Representative Charles Potter, D-Wilmington, plans to introduce a bill that would stop the state from opening new charter schools in Wilmington.
Potter said Wednesday that lawyers are working on the exact language of the legislation, and that it will likely be introduced next week.
Potter’s bill comes less than a week after the Wilmington City Council passed a resolution asking the state for a similar moratorium on charters. While that was merely a request, the state legislature would, in theory, have the authority to amend existing charter law and halt the opening of new schools.
Potter, who represents a district in North Wilmington, said the over-proliferation of charters in Wilmington has disrupted school feeding patterns, among other problems.
It’s been a busy few months for Wilmington schools. Late last year, Governor Jack Markell ordered the formation of a committe to examine education in Delaware’s largest city. The Wilmington Education Advisory Committee is expected to issue its first batch of recommendations on January 26.
Last Septmber, Markell announced his priority schools initiative, which aims to turn around six of the city’s lowest-performing schools. The state has spent months haggling with local school districts over the details of those turnaround plans.
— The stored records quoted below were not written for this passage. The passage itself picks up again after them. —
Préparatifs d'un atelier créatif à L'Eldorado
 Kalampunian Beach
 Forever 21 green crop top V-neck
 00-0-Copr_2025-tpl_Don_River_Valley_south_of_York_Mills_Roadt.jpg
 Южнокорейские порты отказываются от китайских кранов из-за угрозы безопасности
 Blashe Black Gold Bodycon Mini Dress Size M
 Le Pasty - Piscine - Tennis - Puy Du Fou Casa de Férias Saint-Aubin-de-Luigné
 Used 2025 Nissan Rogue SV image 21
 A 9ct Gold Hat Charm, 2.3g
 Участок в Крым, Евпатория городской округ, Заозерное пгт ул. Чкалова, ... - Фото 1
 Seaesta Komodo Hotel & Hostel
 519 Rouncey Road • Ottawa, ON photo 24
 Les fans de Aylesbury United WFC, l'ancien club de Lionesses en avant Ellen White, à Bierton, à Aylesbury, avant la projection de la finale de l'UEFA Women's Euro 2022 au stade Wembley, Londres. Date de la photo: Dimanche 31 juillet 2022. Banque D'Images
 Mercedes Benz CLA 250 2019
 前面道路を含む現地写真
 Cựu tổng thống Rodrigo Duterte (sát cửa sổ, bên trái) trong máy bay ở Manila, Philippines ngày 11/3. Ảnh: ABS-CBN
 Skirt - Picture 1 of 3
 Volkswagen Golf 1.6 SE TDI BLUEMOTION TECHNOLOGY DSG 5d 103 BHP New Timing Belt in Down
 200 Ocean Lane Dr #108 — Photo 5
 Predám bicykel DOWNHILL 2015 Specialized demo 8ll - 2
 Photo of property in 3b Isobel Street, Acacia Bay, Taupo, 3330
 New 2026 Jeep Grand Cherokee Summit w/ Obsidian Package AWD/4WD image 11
Some of the cities charter schools have also made headlines. Last October, state officials revoked the charter of the Maurice J. Moyer Academic Institute, citing poor academics. Moyer challenged the decision in court, but lost. The state nearly closed another Wilmington charter, Family Foundations Academy, after allegations of financial malfeasence. The school survived after firing its co-leaders and shaking up its board of directors.
There are currently 13 charter schools operating in Wilmington, with at least two more expected to open in the fall.